We have some of Etty's letters from Westerbork camp. In them she describes harrowing scenes: desperate young mothers with nothing to feed their screaming children, confused old women bundled up in all of their clothes, sick babies with no one to care for them. And all of them in dread of the next transport to Auschwitz: three days and nights in a bare, sealed cattle car jammed with people, no food, no water, a bucket in the middle their only convenience.
Finally Etty herself is deported. As the train moves East to Poland, she throws a postcard out the window. It is found and sent by farmers. The card reads: "We have left the camp singing." A Red Cross report states that Etty died in Auschwitz on November 30, 1942, aged 29.
Why do I tell her story tonight? Not because she was a saint - I am not at all sure she was a saint. But I do think she is a model for our time. She is a Jew as intelligent, as sophisticated, as fully integrated into the secular world as any of us. She has experienced far more of the world's brutality and horror than most of us ever will. And yet she learns to pray - to open her heart simply and directly to God.

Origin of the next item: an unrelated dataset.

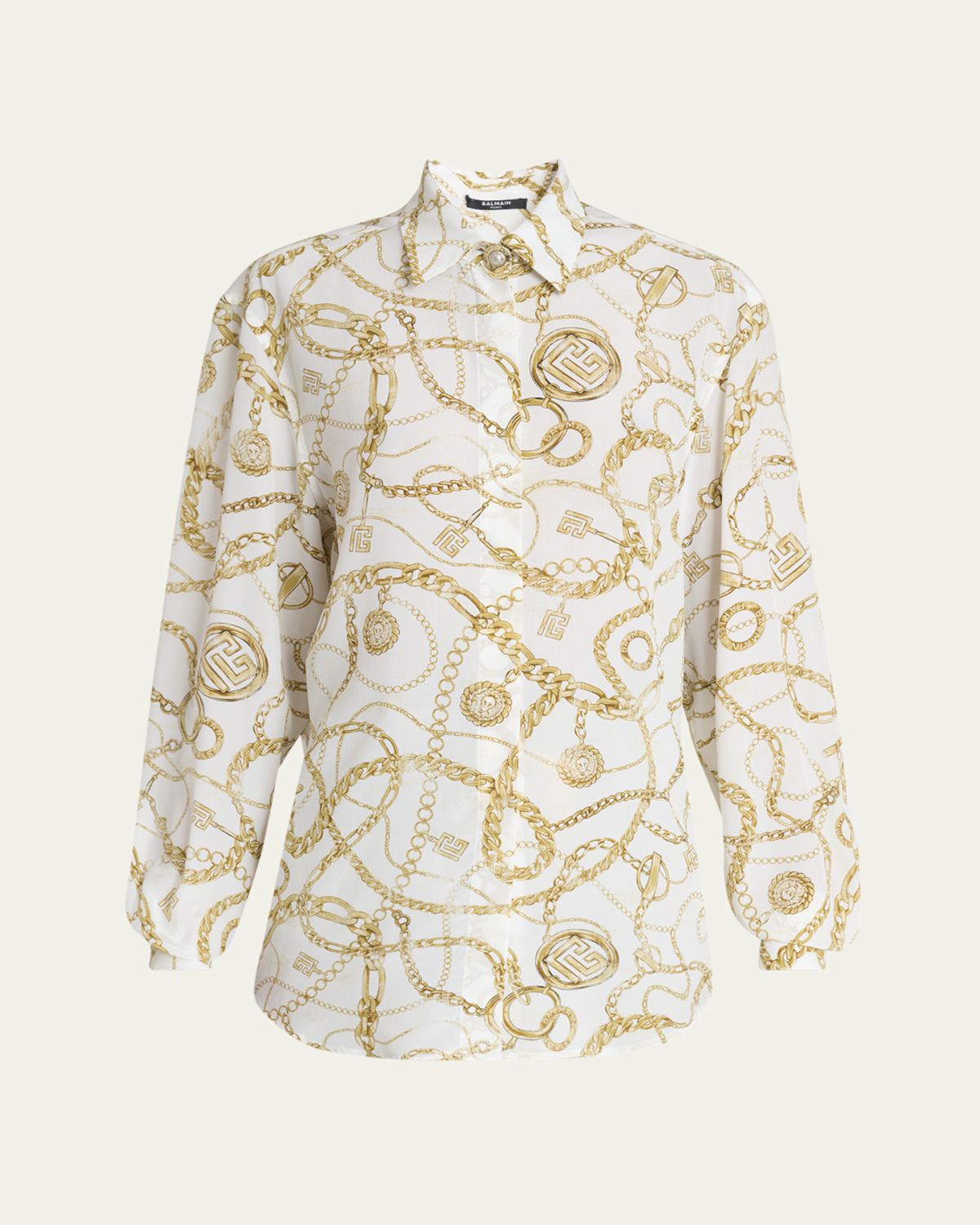 Balmain Chain Print Silk Blouse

We talk a great deal, nowadays, about our religious doubts, our struggles, our spiritual yearnings. We talk about male and female and degenderized language for God. These are important discussions. But Etty Hillesum teaches me a far more powerful lesson. The hardest step in religious life is not deciding whether God is "He" or "She" or "It." The hardest step is learning to call God "You." We face no challenge more profound on Shabbat Shuvah, this Sabbath of return.